PHOTO FILE: Part of the wreckage from Ukraine International Airlines flight PS752, a Boeing 737-800 plane that crashed after taking off from Tehran’s Imam Khomeini airport on January 8, 2020, is seen in this still image taken from Iran Press footage. Iran Press/Handout via REUTERS
DUBAI/KIEV – A Ukrainian airliner crashed soon after taking off from Tehran’s Imam Khomeini airport on Wednesday, killing all 176 people aboard, Iran’s state television and Ukraine’s leaders said.
The Boeing 737 belonging to Ukraine International Airlines crashed near the airport and burst into flames. Iranian TV said the crash was due to technical problems but did not elaborate.
Ukraine President Volodymyr Zelenskiy said there were no survivors.
“My sincere condolences to the relatives and friends of all passengers and crew,” Zelenskiy said in a statement, adding that Ukraine was seeking to establish the circumstances of the crash and the death toll.
Iranian state TV and Ukraine’s prime minister said 167 passengers and 9 crew were on board. Iranian TV said 32 of those on board were foreigners.
Iranian media quoted an Iranian aviation official as saying the pilot of the airliner did not declare an emergency.
There was no official word from Ukraine International Airlines.

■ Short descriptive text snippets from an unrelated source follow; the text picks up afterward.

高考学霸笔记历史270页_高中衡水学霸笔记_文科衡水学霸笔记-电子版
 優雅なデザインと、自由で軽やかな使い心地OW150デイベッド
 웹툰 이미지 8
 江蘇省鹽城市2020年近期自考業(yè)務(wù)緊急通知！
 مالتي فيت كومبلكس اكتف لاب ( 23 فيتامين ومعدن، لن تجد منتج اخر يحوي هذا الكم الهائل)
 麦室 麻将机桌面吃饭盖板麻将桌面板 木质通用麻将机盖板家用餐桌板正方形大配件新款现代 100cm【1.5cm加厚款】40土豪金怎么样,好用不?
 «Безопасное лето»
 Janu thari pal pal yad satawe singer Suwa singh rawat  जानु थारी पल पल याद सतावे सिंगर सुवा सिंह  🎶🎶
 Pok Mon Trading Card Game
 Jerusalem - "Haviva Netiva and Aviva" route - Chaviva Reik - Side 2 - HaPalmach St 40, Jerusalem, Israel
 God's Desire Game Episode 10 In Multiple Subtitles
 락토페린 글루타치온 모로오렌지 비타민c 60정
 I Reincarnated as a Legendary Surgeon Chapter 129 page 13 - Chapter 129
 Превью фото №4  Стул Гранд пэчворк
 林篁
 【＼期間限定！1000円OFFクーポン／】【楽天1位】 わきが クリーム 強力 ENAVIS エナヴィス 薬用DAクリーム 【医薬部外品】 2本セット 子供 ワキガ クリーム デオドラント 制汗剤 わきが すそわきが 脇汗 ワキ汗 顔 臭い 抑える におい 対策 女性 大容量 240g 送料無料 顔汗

“The fire is so heavy that we cannot (do) any rescue… we have 22 ambulances, four bus ambulances and a helicopter at the site,” Pirhossein Koulivand, head of Iran’s emergency services, told Iranian state television.
Television footage showed debris and smouldering engine parts strewn across a field, and rescue workers with face masks retrieving bodies of the victims.
According to air tracking service FlightRadar24, the plane that crashed was Flight PS 752 and was flying to Kiev. The plane was three years old and was a Boeing 737-NG, it said.
A spokesman for Boeing said the company was aware of media reports of a plane crash in Iran and was gathering more information. The plane manufacturer grounded its 737 MAX fleet in March after two crashes that killed 346 people.